August 26, 2024
RWI Claims Trends
Woodruff Sawyer recently released the 2024 edition of its “Guide to Representations & Warranties Insurance.” This edition of the guide covers a variety of topics relating to RWI, including an overview of RWI and its users, the key elements of an RWI Policy, the five main exclusions contained in the typical policy, and insights into current market conditions. Here’s an excerpt from the Guide’s discussion of claims trends:
From mid-2020 through mid-2022, we saw a large uptick in the number of policies and limits bound, and so it stands to reason that the number of R&W claims received by insurers has increased in the past year. Statistically, claims are most likely to arise within the first 12 to 18 months after a policy is bound since the first audit cycle of the target company’s finances may bring to light certain breaches—leading to the current increase in claims.
The two largest categories in which claim payouts were made continue to be breaches of (1) financial reps, and (2) customers and contracts. Those two categories account for almost two-thirds of claim payments, with compliance of laws coming in at a distant third. Most claims tend to arise within the first 12 months of the policy period, and the earliest reported claims tend to result in severe losses since these material matters are often discovered shortly after the deal has closed.
Transactions involving targets with audited financials (versus unaudited financials) often result in greater losses and a higher likelihood of claims alleging financial rep breaches. Payments for financial statements claims involving targets with audited financials averaged 41.4% of the policy limit, whereas this figure is only 22.1% for payments involving companies with unaudited financials.
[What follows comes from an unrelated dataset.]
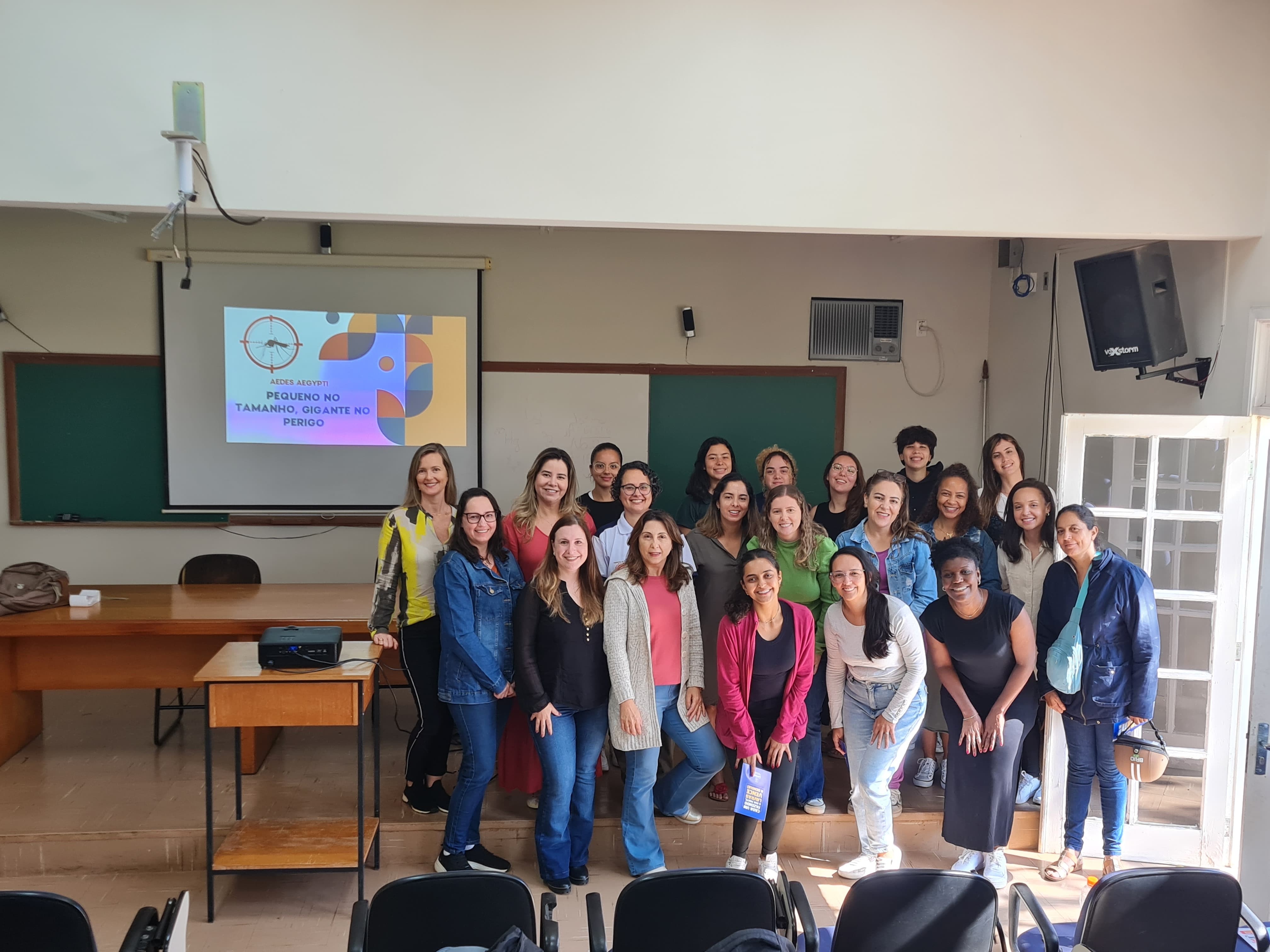 Gentileza solicitar descrição da imagem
The Guide says that most of the action is at the smaller end of the food chain, with deals involving less than $250 million in enterprise value resulting in 60% of claim payouts. These smaller deals have a higher incidence of breaches of compliance with laws reps and reps relating to operations, while bigger deals more typically see breaches of intellectual property and tax reps. Not surprisingly, claims for breaches of financial statements are high for deals both large and small.